Top of Records supplied

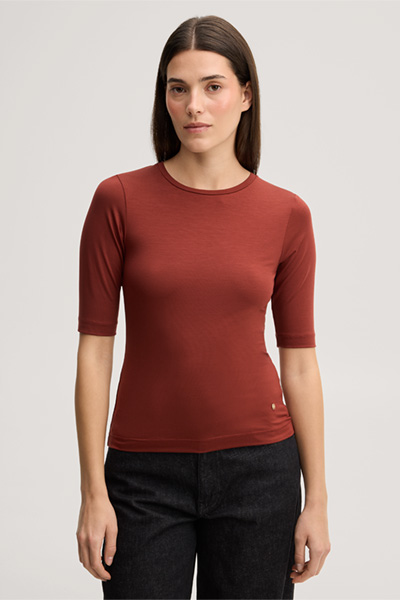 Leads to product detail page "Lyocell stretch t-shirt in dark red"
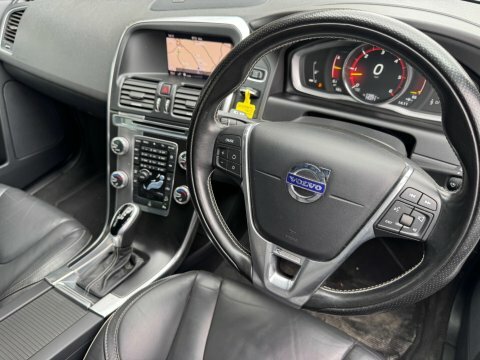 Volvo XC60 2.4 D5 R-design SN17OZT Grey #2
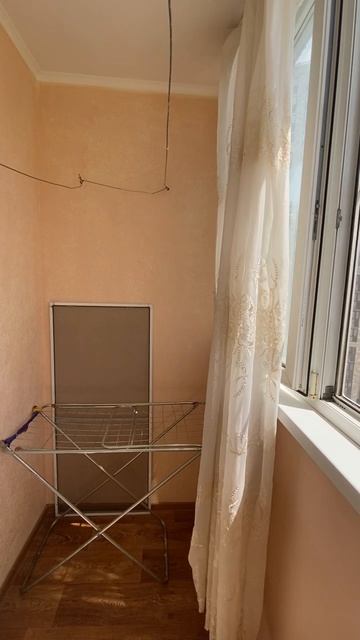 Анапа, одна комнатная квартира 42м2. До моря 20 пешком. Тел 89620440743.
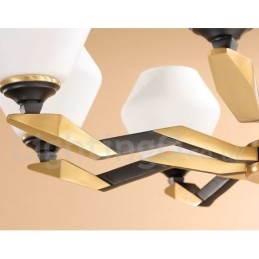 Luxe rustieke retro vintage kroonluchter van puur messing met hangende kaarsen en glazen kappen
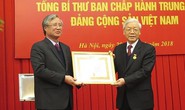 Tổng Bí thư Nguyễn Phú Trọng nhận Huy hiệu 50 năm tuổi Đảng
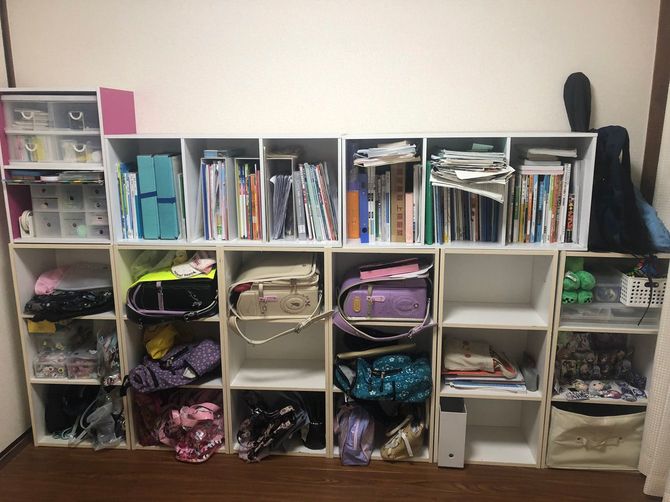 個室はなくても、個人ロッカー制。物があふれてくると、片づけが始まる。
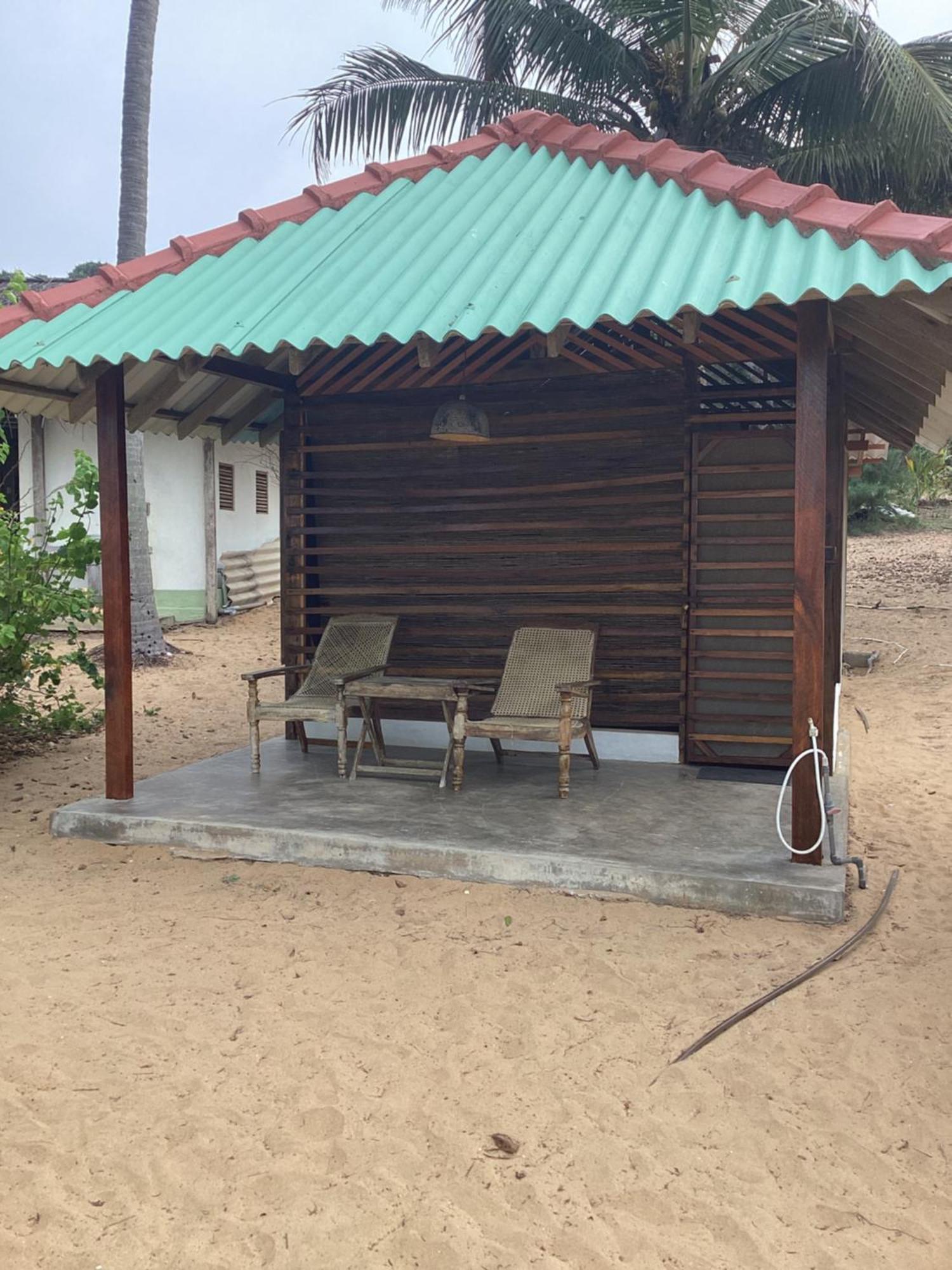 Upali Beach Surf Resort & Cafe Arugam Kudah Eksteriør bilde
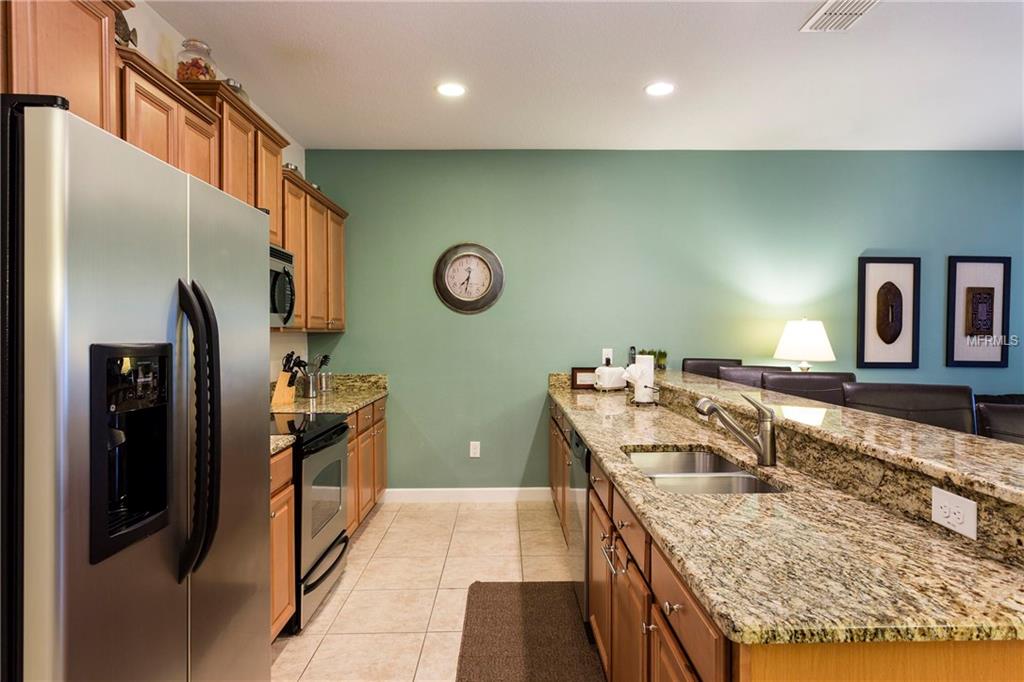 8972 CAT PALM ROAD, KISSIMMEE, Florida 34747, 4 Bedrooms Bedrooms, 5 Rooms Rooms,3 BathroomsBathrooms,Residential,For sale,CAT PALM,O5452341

Bottom of Records supplied
Top of Records supplied

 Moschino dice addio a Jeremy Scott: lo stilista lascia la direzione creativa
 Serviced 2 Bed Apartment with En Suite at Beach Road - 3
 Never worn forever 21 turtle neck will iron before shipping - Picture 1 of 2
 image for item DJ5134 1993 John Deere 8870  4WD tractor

Bottom of Records supplied
Top of Records supplied

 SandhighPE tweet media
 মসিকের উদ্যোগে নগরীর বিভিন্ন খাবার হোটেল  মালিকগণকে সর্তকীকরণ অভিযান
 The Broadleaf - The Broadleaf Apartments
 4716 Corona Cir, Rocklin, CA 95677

Bottom of Records supplied

Task requirements:
Of the lines above, copy only those from the one holding "Leads to product" to the one holding "8972 CAT PALM", both included, and exclude every image.

Exercise answer:
 Leads to product detail page "Lyocell stretch t-shirt in dark red"
 Volvo XC60 2.4 D5 R-design SN17OZT Grey #2
 Анапа, одна комнатная квартира 42м2. До моря 20 пешком. Тел 89620440743.
 Luxe rustieke retro vintage kroonluchter van puur messing met hangende kaarsen en glazen kappen
 Tổng Bí thư Nguyễn Phú Trọng nhận Huy hiệu 50 năm tuổi Đảng
 個室はなくても、個人ロッカー制。物があふれてくると、片づけが始まる。
 Upali Beach Surf Resort & Cafe Arugam Kudah Eksteriør bilde
 8972 CAT PALM ROAD, KISSIMMEE, Florida 34747, 4 Bedrooms Bedrooms, 5 Rooms Rooms,3 BathroomsBathrooms,Residential,For sale,CAT PALM,O5452341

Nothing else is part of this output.